Stapi von Graffenried: «Wir sind nicht untätig»

Die Polizei-Berichte zu Vorkommnissen rund um die Reitschule sind für den Berner Stadtpräsidenten Alec von Graffenried «nicht erfreulich, aber auch nicht überraschend». Er sagt: «Ich weiss, was um die Reitschule läuft, und dass die Polizei hier viel zu tun hat.» Den von SVP-Seite geäusserten Vorwurf der Untätigkeit lässt er nicht auf sich sitzen. Der Gemeinderat sei sehr wohl bestrebt, die Situation auf der Schützenmatte zu verbessern.

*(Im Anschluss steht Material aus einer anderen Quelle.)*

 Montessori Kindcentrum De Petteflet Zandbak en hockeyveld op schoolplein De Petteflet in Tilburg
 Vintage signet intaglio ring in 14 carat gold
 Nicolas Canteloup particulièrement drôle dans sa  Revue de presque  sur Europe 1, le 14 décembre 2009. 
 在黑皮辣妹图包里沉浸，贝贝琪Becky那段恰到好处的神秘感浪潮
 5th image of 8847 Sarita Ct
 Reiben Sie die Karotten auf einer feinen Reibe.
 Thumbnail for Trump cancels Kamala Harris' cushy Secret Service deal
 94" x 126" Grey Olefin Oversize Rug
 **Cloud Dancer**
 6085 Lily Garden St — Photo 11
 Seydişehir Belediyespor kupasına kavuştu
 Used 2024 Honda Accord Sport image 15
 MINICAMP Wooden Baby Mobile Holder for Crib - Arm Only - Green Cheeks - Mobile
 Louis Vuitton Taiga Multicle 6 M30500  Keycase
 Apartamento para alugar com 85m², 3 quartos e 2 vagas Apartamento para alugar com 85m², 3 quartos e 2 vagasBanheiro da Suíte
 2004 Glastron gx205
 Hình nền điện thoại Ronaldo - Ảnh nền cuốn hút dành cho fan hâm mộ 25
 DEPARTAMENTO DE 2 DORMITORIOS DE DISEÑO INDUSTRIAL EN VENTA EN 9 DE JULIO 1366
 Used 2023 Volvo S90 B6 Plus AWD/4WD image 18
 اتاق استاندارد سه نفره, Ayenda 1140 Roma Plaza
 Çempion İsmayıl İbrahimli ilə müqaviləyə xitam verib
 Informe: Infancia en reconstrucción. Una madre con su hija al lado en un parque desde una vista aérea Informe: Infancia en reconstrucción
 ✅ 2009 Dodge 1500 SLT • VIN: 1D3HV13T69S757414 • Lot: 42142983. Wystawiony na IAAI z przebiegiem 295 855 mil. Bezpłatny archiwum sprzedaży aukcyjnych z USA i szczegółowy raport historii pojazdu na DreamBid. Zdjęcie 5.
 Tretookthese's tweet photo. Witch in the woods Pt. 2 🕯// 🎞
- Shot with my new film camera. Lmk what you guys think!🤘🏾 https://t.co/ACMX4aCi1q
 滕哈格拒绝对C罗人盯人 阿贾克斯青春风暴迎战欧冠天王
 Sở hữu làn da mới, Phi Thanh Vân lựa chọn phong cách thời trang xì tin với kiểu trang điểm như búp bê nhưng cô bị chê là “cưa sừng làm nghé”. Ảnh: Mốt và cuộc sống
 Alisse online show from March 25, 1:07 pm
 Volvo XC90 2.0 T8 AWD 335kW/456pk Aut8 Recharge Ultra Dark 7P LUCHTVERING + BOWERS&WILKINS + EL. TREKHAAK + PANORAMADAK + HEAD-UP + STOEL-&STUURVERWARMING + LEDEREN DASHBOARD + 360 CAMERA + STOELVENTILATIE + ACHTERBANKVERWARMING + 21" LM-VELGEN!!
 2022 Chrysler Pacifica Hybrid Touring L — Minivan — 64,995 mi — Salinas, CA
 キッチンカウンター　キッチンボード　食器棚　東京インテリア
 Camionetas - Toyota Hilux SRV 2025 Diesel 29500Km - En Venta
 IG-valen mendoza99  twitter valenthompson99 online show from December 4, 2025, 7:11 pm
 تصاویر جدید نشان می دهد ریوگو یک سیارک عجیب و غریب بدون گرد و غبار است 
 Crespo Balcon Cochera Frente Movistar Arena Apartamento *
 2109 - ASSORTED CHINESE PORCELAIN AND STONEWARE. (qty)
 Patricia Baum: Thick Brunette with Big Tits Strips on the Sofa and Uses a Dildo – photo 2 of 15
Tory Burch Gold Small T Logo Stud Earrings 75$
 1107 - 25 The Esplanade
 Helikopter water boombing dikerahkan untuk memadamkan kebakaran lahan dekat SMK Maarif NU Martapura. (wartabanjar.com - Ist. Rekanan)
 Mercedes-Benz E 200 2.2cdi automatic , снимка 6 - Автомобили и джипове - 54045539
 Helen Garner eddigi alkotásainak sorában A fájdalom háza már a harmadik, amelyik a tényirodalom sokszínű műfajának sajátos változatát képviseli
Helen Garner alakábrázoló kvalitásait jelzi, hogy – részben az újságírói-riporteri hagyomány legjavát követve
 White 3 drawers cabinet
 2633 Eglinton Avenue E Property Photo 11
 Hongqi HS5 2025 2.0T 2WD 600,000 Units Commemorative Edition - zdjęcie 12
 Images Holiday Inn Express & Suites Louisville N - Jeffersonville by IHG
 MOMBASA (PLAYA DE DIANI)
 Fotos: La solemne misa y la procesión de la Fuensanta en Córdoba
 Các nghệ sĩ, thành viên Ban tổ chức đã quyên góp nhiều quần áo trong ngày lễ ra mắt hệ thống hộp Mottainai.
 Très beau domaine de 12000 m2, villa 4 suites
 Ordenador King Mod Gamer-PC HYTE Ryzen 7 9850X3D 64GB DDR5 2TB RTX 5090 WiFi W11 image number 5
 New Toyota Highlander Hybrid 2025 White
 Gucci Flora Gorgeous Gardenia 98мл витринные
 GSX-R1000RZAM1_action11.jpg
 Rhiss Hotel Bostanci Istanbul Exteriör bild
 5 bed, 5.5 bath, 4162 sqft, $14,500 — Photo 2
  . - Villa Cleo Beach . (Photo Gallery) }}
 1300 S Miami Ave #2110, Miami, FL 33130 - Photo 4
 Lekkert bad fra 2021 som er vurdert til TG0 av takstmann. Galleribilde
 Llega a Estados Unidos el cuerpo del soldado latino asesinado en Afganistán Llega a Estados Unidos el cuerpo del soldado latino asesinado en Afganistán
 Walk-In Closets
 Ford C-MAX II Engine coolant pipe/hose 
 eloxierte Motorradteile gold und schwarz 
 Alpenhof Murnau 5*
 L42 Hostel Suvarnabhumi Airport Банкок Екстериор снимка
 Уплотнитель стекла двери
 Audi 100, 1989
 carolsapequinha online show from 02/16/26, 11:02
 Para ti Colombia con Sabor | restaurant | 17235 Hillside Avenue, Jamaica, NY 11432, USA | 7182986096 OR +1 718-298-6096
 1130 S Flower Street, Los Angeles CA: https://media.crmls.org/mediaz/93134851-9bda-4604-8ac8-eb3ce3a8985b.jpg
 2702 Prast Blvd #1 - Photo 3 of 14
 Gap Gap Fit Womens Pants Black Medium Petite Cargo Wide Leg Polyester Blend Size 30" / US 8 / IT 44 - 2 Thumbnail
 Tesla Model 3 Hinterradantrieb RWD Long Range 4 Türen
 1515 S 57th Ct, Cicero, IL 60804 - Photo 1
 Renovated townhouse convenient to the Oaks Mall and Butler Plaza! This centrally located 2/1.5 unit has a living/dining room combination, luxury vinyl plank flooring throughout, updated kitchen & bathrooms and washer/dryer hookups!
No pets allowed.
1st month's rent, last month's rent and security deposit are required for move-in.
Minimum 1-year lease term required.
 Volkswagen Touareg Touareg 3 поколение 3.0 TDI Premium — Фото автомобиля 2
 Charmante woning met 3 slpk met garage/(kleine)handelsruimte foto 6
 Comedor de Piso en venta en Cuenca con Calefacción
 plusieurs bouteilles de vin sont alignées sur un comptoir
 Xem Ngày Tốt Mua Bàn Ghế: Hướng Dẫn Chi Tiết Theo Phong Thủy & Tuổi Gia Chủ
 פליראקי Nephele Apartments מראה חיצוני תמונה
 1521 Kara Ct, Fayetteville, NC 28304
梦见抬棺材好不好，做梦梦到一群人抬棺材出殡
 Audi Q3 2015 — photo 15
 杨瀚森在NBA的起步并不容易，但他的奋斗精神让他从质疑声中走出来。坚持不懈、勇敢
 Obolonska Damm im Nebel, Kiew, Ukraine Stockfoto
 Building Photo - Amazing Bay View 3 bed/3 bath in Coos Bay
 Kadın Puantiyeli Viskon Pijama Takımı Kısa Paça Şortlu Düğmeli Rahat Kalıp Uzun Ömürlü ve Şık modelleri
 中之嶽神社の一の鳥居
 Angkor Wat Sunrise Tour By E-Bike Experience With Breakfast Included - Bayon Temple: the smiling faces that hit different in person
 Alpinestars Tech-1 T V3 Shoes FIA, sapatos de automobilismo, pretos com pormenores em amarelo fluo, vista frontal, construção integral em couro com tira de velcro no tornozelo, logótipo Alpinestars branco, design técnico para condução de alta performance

Reitschüler: «Kein objektiver Bericht»

In Anbetracht des gestörten Verhältnisses zwischen Polizei und Reitschule könne hier nicht von einem objektiven Bericht gesprochen werden, teilt die Mediengruppe der Reitschule am Montag mit. Bei Einsätzen im Raum Schützenmatte würden die Polizisten selber fragwürdiges Verhalten an den Tag legen: «Drohungen, Beleidigungen, Aufforderungen zum Zweikampf, Ziehen der Dienstwaffe, betreten von Privaträumen ohne entsprechende Verfügung, Einschüchterungen» werden hierfür als Beispiele genannt.«Der vorliegende Bericht klammert solche Ereignisse konsequent aus», so die Betreiber der Kulturstätte. Der Bericht zeige klar, dass die Polizei nicht vor Unwahrheiten zurückschreckt, wenn es um den Konflikt mit der Reitschule gehe.